That terrible afternoon I sat in front of the television in a room we called the den and watched the black-and-white images flicker by, not knowing that those images would remain with me forever; following the news with remarkable attention, not knowing that the news would become not only my avocation but my vocation as well; thinking about the president whose administration I barely understood, not knowing that the years 1961-1963 would mark me like no others.
Indeed, decades would pass and yet I am stuck on those three years, stuck like a broken record, even though that simile itself is stuck in that vinyl era and meaningless in this one. I have long believed that in life it is not very important how old you are, but it is very important when you were young. (It was on that weekend that Daniel Patrick Moynihan said to Mary McGrory that while they might laugh again, they would never be young again.)
And so the lessons of the Kennedy years, both the triumphs and the tragedies, have stuck with me, with a stubborn vividness, far more so than anything from the years of Jimmy Carter, Ronald Reagan, George H.W. Bush, Bill Clinton, George W. Bush and Barack Obama, all of whose presidencies I witnessed firsthand as a reporter. I knew every one of those men, and Gerald R. Ford, too, and yet it is Kennedy, whom I never met, I feel I know best.

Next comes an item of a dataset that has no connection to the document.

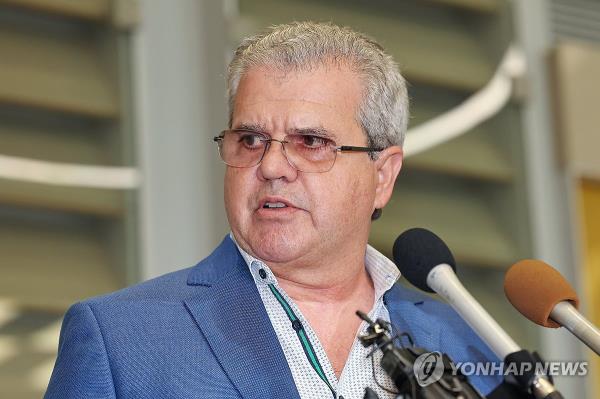 Vitor Abreu, who heads the U.S.-ba<em></em>sed geoscience research company Act-Geo, speaks to reporters at Incheon Internatio<em></em>nal Airport, west of Seoul, on June 5, 2024. (Yonhap)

Those three Kennedy years are the son et lumiere show of my subconscious. When my brother Jeff and I fought sometime in the fall of 1960 — a 6-year-old beating up on a 4-year-old, not exactly a championship prize fight — my mother, who wasn’t even a native American, called us aside and said: Look at those Kennedy brothers. One of them is running for president and the other brother is helping him, not fighting with him. My earliest political memory is the Kennedy inaugural address, an occasion for our Canadian mother, who emerges in this tale as a bit of a political opportunist, to urge us to ask not what she could do for us.